## Exercise goal
Produce word for word the lines of the data below running from the one that has "beige janice top rick" to the one that has "CASP+ CompTIA Advanced", inclusive, and no others.

Web page caption snippets

========

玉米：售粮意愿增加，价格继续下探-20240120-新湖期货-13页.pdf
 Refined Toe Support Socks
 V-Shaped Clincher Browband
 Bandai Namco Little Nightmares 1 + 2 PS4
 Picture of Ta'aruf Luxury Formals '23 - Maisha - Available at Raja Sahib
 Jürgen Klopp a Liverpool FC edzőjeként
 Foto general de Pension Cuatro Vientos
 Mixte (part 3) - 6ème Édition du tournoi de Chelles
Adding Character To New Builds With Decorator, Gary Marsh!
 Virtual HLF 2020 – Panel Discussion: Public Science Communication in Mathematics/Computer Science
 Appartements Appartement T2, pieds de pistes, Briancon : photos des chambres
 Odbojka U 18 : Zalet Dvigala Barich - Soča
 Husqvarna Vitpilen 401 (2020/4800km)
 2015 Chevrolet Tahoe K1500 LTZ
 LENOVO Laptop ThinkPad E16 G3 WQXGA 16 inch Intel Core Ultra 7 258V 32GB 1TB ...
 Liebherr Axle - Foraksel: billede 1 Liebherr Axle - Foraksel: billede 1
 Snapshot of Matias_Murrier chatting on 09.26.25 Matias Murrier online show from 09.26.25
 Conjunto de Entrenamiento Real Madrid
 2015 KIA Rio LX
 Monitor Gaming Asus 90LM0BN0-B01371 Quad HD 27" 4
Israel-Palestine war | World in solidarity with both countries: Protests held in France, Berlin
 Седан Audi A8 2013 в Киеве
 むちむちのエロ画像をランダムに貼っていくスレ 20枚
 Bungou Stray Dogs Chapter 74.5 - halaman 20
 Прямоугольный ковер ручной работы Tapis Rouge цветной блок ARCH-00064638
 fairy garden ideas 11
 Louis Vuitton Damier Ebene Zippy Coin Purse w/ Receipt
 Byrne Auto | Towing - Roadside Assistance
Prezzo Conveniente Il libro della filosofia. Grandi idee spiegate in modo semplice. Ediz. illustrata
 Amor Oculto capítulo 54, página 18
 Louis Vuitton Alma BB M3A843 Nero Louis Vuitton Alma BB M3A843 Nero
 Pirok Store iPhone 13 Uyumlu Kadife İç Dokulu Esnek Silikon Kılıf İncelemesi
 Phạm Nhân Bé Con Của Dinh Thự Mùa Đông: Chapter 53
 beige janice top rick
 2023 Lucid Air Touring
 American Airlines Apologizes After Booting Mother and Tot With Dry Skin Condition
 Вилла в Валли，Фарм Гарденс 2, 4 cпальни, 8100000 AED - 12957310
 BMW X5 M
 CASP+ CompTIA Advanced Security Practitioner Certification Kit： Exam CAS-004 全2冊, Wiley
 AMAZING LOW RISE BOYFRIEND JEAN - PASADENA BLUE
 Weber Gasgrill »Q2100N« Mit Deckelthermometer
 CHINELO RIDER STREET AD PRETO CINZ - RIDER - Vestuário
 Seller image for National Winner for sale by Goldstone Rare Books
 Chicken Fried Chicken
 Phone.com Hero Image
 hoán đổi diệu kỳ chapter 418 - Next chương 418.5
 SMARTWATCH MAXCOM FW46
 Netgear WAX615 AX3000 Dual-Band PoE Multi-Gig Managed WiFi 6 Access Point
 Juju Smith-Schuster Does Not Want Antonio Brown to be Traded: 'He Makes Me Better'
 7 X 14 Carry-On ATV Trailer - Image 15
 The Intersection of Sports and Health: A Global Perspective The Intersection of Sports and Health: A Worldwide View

========

## Answer box
 beige janice top rick
 2023 Lucid Air Touring
 American Airlines Apologizes After Booting Mother and Tot With Dry Skin Condition
 Вилла в Валли，Фарм Гарденс 2, 4 cпальни, 8100000 AED - 12957310
 BMW X5 M
 CASP+ CompTIA Advanced Security Practitioner Certification Kit： Exam CAS-004 全2冊, Wiley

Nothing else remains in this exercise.